* PROBLEM DETAILS
Produce a faithful copy of the data, one that leaves out the pictures.

* DATASET EXTRACT
--------------------------------------------------

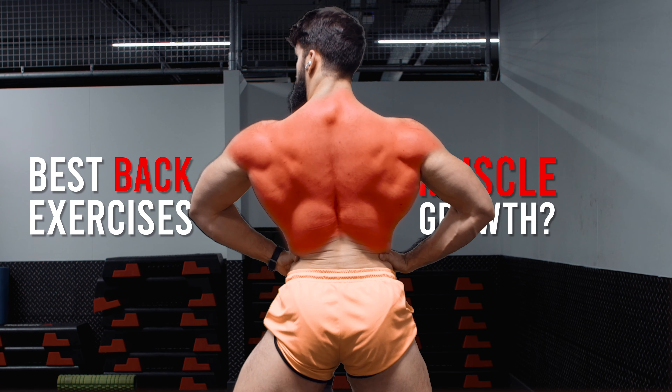What are the best back exercises for muscle growth? To understand the answer, we first need to look at the anatomy of the back muscles.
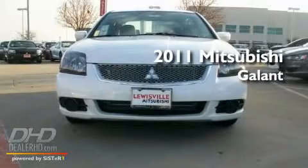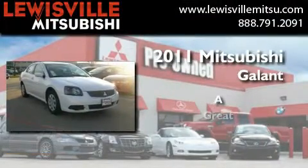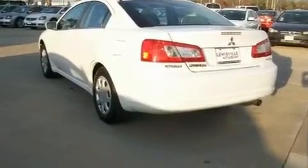This is a brand new 2011 Mitsubishi Gallant. Its top features include solar control glass, air conditioning, cruise control, and a multi-link rear suspension.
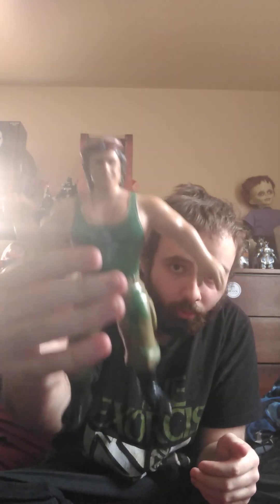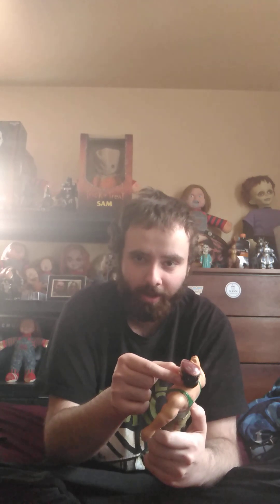They made one with a stubble — kind of a clean-shaved face — and then they actually made one where he has a full-on beard and mustache. That one with the full beard and mustache is actually the hardest one to find. The stubble version's face isn't as smooth; you'd feel it but it'd look kind of clean-shaved.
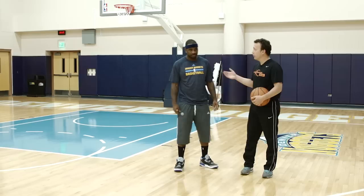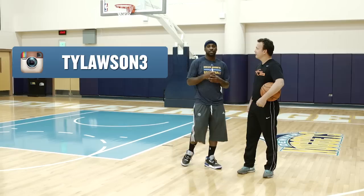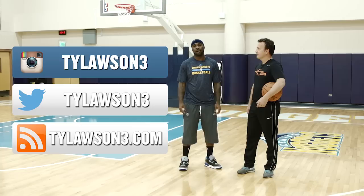Well, that's terrific stuff. There's something you don't see every day — how to defend the pick and roll. Where are we going to find you on social media? You can find me at TyLawson3 on Instagram, Twitter, and also my website TyLawson3.com. Come check it out. And don't forget, B-Ball Breakdown — we're not a channel, we are a conversation. You in? I'm in.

--------------------------------------------------

* THE COMPLETED TASK
What are the best back exercises for muscle growth? To understand the answer, we first need to look at the anatomy of the back muscles.
This is a brand new 2011 Mitsubishi Gallant. Its top features include solar control glass, air conditioning, cruise control, and a multi-link rear suspension.
They made one with a stubble — kind of a clean-shaved face — and then they actually made one where he has a full-on beard and mustache. That one with the full beard and mustache is actually the hardest one to find. The stubble version's face isn't as smooth; you'd feel it but it'd look kind of clean-shaved.
Well, that's terrific stuff. There's something you don't see every day — how to defend the pick and roll. Where are we going to find you on social media? You can find me at TyLawson3 on Instagram, Twitter, and also my website TyLawson3.com. Come check it out. And don't forget, B-Ball Breakdown — we're not a channel, we are a conversation. You in? I'm in.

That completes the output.